Mapping of Extrastriate Visual Cortex

      The cerebral cortex is a rather disappointing tissue at first glance. Its surface appears as a convoluted, gray sheet of tissue with no recognizable boundaries. In cross-section, architectonic borders can be identified with stains for cells and myelin, but only between a few areas. In a classic work, Korbinian Brodmann compiled a complete histological survey of the cerebral cortex, dividing it into 47 distinct areas. Sadly, most of the boundaries he drew have not stood the test of time.

      For example, in the visual cortex Brodmann recognized three regions: areas 17, 18, and 19. Area 17, the primary visual cortex (V1), is easy to identify because it contains a prominent myelin band, the stria of Gennari, and a precise representation of the contralateral field of vision. However, the boundary between area 18 and 19 is invisible, and it is clear that there are far more than 3 visual areas in the primate brain. After processing in area 17, visual information is distributed for further analysis to at least a dozen surrounding visual areas. These areas are known collectively as “extrastriate visual cortex”. Mapping the boundaries, organization, and projections of these visual areas is a difficult challenge, in part because the primate cerebral cortex is highly folded into sulci and gyri. To facilitate anatomical studies of the macaque cortex, we have developed a method for flattening it prior to preparation of histological sections.

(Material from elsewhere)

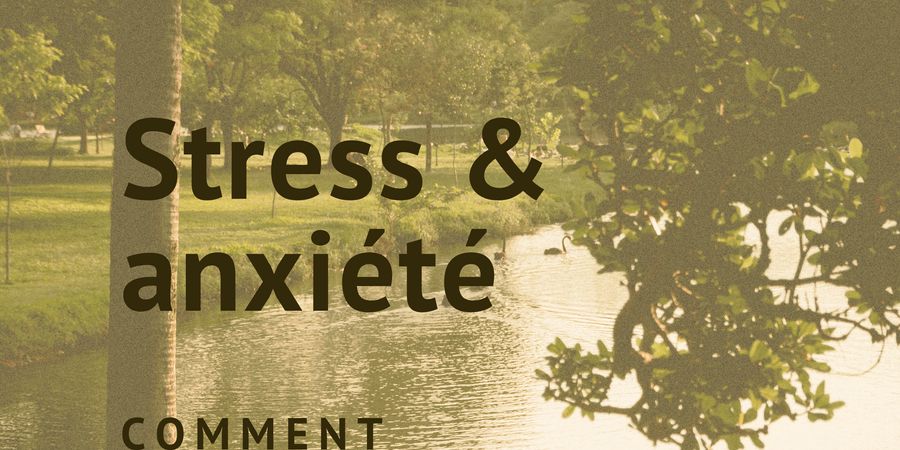 image - Atelier huiles essentielles et automassage énergétique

The flatmount technique allows one to obtain single sections of the entire cortex, greatly facilitating the analysis of anatomical data. Figure 9 shows an example of a flattened hemisphere from a macaque monkey:

Fig. 9) Flattened right hemisphere from a macaque monkey. A full description of the flatmount technique is provided in: Sincich LC, Adams DL, and Horton JC, Visual Neuroscience, 2003.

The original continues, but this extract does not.